Reproduce each entry exactly.
● ● ● ● ● ● ●
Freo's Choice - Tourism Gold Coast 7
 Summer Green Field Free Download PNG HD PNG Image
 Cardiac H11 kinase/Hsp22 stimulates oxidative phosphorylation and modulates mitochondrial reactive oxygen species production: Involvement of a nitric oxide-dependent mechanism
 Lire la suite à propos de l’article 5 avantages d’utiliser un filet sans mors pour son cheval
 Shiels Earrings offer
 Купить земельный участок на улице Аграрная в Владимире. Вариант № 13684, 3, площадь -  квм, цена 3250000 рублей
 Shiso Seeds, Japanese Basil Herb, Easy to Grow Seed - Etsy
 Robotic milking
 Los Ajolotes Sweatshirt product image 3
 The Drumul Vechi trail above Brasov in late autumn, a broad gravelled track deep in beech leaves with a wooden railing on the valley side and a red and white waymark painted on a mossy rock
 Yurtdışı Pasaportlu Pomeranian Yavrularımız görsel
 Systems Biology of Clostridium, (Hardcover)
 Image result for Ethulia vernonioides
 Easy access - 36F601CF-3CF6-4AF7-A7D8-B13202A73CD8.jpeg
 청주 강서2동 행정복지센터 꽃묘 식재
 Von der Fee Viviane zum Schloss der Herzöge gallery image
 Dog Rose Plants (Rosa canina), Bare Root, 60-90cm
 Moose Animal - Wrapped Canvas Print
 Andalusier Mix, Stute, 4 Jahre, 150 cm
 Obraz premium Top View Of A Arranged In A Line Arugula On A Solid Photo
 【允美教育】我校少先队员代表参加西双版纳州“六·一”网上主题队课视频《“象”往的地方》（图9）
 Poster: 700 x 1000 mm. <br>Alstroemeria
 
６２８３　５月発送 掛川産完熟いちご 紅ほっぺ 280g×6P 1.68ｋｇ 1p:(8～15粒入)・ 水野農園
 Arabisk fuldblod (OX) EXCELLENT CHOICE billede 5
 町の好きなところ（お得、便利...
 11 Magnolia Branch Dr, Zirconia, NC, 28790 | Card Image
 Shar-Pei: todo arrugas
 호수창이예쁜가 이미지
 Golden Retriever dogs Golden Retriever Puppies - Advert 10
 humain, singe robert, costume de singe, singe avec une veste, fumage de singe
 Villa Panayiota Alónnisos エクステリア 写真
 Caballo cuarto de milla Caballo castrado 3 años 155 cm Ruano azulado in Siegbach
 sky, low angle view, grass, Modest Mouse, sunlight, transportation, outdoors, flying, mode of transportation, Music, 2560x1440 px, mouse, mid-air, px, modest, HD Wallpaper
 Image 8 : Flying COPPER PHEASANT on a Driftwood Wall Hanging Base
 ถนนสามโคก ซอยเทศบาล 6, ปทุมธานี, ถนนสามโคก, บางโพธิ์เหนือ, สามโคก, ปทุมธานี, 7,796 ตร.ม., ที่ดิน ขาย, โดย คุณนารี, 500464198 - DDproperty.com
● ● ● ● ● ● ●
§ **SOLVED EXERCISE**
Freo's Choice - Tourism Gold Coast 7
 Summer Green Field Free Download PNG HD PNG Image
 Cardiac H11 kinase/Hsp22 stimulates oxidative phosphorylation and modulates mitochondrial reactive oxygen species production: Involvement of a nitric oxide-dependent mechanism
 Lire la suite à propos de l’article 5 avantages d’utiliser un filet sans mors pour son cheval
 Shiels Earrings offer
 Купить земельный участок на улице Аграрная в Владимире. Вариант № 13684, 3, площадь -  квм, цена 3250000 рублей
 Shiso Seeds, Japanese Basil Herb, Easy to Grow Seed - Etsy
 Robotic milking
 Los Ajolotes Sweatshirt product image 3
 The Drumul Vechi trail above Brasov in late autumn, a broad gravelled track deep in beech leaves with a wooden railing on the valley side and a red and white waymark painted on a mossy rock
 Yurtdışı Pasaportlu Pomeranian Yavrularımız görsel
 Systems Biology of Clostridium, (Hardcover)
 Image result for Ethulia vernonioides
 Easy access - 36F601CF-3CF6-4AF7-A7D8-B13202A73CD8.jpeg
 청주 강서2동 행정복지센터 꽃묘 식재
 Von der Fee Viviane zum Schloss der Herzöge gallery image
 Dog Rose Plants (Rosa canina), Bare Root, 60-90cm
 Moose Animal - Wrapped Canvas Print
 Andalusier Mix, Stute, 4 Jahre, 150 cm
 Obraz premium Top View Of A Arranged In A Line Arugula On A Solid Photo
 【允美教育】我校少先队员代表参加西双版纳州“六·一”网上主题队课视频《“象”往的地方》（图9）
 Poster: 700 x 1000 mm. <br>Alstroemeria
 
６２８３　５月発送 掛川産完熟いちご 紅ほっぺ 280g×6P 1.68ｋｇ 1p:(8～15粒入)・ 水野農園
 Arabisk fuldblod (OX) EXCELLENT CHOICE billede 5
 町の好きなところ（お得、便利...
 11 Magnolia Branch Dr, Zirconia, NC, 28790 | Card Image
 Shar-Pei: todo arrugas
 호수창이예쁜가 이미지
 Golden Retriever dogs Golden Retriever Puppies - Advert 10
 humain, singe robert, costume de singe, singe avec une veste, fumage de singe
 Villa Panayiota Alónnisos エクステリア 写真
 Caballo cuarto de milla Caballo castrado 3 años 155 cm Ruano azulado in Siegbach
 sky, low angle view, grass, Modest Mouse, sunlight, transportation, outdoors, flying, mode of transportation, Music, 2560x1440 px, mouse, mid-air, px, modest, HD Wallpaper
 Image 8 : Flying COPPER PHEASANT on a Driftwood Wall Hanging Base
 ถนนสามโคก ซอยเทศบาล 6, ปทุมธานี, ถนนสามโคก, บางโพธิ์เหนือ, สามโคก, ปทุมธานี, 7,796 ตร.ม., ที่ดิน ขาย, โดย คุณนารี, 500464198 - DDproperty.com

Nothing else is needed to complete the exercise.